From f02c9e7cfe3e41feef5cfc3dbef77184d00696f8 Mon Sep 17 00:00:00 2001
From: Vincent Liu <shuntian.liu2@cloud.com>
Date: Mon, 17 Jun 2024 17:10:49 +0100
Subject: [PATCH] CA-394109: Reduce number of alerts

Currently there are two ways of raising an alert when a cluster host
joins/leaves the cluster: 1. through the api call such as
cluster-host-leave; 2. through the cluster watcher which checks for
updates from `corosync-notifyd`. This will cause all alerts to be raised
twice.

This patch favours the second approach as it accounts for "unclean"
leave of a cluster host. Moreover, a "clean" leave triggered by an API
will cause a change in `corosync-notifyd` which will get detected by the
watcher anyway. This solves the double alerting problem.

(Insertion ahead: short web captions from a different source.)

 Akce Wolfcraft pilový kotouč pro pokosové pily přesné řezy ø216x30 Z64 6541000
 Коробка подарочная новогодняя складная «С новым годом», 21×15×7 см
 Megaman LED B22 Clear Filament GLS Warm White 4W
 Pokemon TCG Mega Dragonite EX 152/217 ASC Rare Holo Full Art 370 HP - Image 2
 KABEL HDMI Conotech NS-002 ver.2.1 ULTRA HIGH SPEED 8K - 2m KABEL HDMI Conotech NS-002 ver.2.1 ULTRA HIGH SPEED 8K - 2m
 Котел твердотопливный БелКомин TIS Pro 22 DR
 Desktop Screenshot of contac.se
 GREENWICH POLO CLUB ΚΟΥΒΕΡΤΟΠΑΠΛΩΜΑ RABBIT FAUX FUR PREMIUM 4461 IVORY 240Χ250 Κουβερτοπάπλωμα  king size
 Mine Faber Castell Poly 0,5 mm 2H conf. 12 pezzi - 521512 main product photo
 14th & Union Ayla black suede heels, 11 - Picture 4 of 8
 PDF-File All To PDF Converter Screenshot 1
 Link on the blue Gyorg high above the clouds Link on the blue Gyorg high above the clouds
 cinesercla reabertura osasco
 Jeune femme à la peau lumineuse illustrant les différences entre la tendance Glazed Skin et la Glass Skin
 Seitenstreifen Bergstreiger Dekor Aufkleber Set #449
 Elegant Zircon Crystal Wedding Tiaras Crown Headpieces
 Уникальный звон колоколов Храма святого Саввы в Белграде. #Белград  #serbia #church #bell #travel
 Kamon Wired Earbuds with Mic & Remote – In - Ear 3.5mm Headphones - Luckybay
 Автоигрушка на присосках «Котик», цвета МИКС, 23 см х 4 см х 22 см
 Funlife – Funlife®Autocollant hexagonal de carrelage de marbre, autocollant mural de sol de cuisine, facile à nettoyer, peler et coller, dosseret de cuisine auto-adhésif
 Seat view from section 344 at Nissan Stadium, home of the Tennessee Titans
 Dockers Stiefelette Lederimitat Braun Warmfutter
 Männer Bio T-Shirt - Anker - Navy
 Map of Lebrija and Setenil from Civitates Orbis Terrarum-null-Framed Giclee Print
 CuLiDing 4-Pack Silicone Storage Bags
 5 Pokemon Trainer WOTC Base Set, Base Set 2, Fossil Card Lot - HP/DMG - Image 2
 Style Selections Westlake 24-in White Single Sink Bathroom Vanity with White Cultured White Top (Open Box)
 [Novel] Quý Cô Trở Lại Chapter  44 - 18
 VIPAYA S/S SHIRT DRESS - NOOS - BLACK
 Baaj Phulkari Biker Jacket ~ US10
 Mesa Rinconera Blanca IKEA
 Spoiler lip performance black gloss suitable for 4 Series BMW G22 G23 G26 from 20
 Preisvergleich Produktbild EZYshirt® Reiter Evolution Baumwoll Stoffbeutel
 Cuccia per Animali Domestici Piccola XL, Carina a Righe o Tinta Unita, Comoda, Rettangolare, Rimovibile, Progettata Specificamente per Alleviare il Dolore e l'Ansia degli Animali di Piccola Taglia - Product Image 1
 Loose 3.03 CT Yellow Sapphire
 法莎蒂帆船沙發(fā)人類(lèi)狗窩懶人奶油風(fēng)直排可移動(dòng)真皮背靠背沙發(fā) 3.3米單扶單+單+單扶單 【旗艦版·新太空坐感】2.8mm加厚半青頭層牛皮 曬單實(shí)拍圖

Signed-off-by: Vincent Liu <shuntian.liu2@cloud.com>
---
 ocaml/xapi/xapi_cluster_host.ml | 18 ------------------
 1 file changed, 18 deletions(-)

diff --git a/ocaml/xapi/xapi_cluster_host.ml b/ocaml/xapi/xapi_cluster_host.ml
index de14b266a96..11730e32e72 100644
--- a/ocaml/xapi/xapi_cluster_host.ml
+++ b/ocaml/xapi/xapi_cluster_host.ml
@@ -13,7 +13,6 @@
  *)
 
 open Xapi_clustering
-open Xapi_cluster_helpers
 open Ipaddr_rpc_type
 
 module D = Debug.Make (struct let name = "xapi_cluster_host" end)
@@ -55,19 +54,6 @@ let call_api_function_with_alert ~__context ~msg ~cls ~obj_uuid ~body
         raise err
   )
 
-let alert_for_cluster_host ~__context ~cluster_host ~missing_hosts ~new_hosts =
-  let num_hosts = Db.Cluster_host.get_all ~__context |> List.length in
-  let cluster = Db.Cluster_host.get_cluster ~__context ~self:cluster_host in
-  let quorum = Db.Cluster.get_quorum ~__context ~self:cluster |> Int64.to_int in
-  maybe_generate_alert ~__context ~missing_hosts ~new_hosts ~num_hosts ~quorum
-
-let alert_for_cluster_host_leave ~__context ~cluster_host =
-  alert_for_cluster_host ~__context ~cluster_host ~missing_hosts:[cluster_host]
-    ~new_hosts:[]
-
-let alert_for_cluster_host_join ~__context ~cluster_host =
-  alert_for_cluster_host ~__context ~cluster_host ~missing_hosts:[]
-    ~new_hosts:[cluster_host]
 
 (* Create xapi db object for cluster_host, resync_host calls clusterd *)
 let create_internal ~__context ~cluster ~host ~pIF : API.ref_Cluster_host =
@@ -81,7 +67,6 @@ let create_internal ~__context ~cluster ~host ~pIF : API.ref_Cluster_host =
         ~enabled:false ~current_operations:[] ~allowed_operations:[]
         ~other_config:[] ~joined:false ~live:false
         ~last_update_live:API.Date.epoch ;
-      alert_for_cluster_host_join ~__context ~cluster_host:ref ;
       ref
   )
 
@@ -274,14 +259,12 @@ let destroy_op ~__context ~self ~force =
       let result = local_fn (rpc ~__context) dbg in
       match Idl.IdM.run @@ Cluster_client.IDL.T.get result with
       | Ok () ->
-          alert_for_cluster_host_leave ~__context ~cluster_host:self ;
           Db.Cluster_host.destroy ~__context ~self ;
           debug "Cluster_host.%s was successful" fn_str ;
           Xapi_clustering.Daemon.disable ~__context
       | Error error ->
           warn "Error occurred during Cluster_host.%s" fn_str ;
           if force then (
-            alert_for_cluster_host_leave ~__context ~cluster_host:self ;
             let ref_str = Ref.string_of self in
             Db.Cluster_host.destroy ~__context ~self ;
             debug "Cluster_host %s force destroyed." ref_str
@@ -329,7 +312,6 @@ let forget ~__context ~self =
           Db.Cluster.set_pending_forget ~__context ~self:cluster ~value:[] ;
           (* must not disable the daemon here, because we declared another unreachable node dead,
            * not the current one *)
-          alert_for_cluster_host_leave ~__context ~cluster_host:self ;
           Db.Cluster_host.destroy ~__context ~self ;
           debug "Cluster_host.forget was successful"
       | Error error ->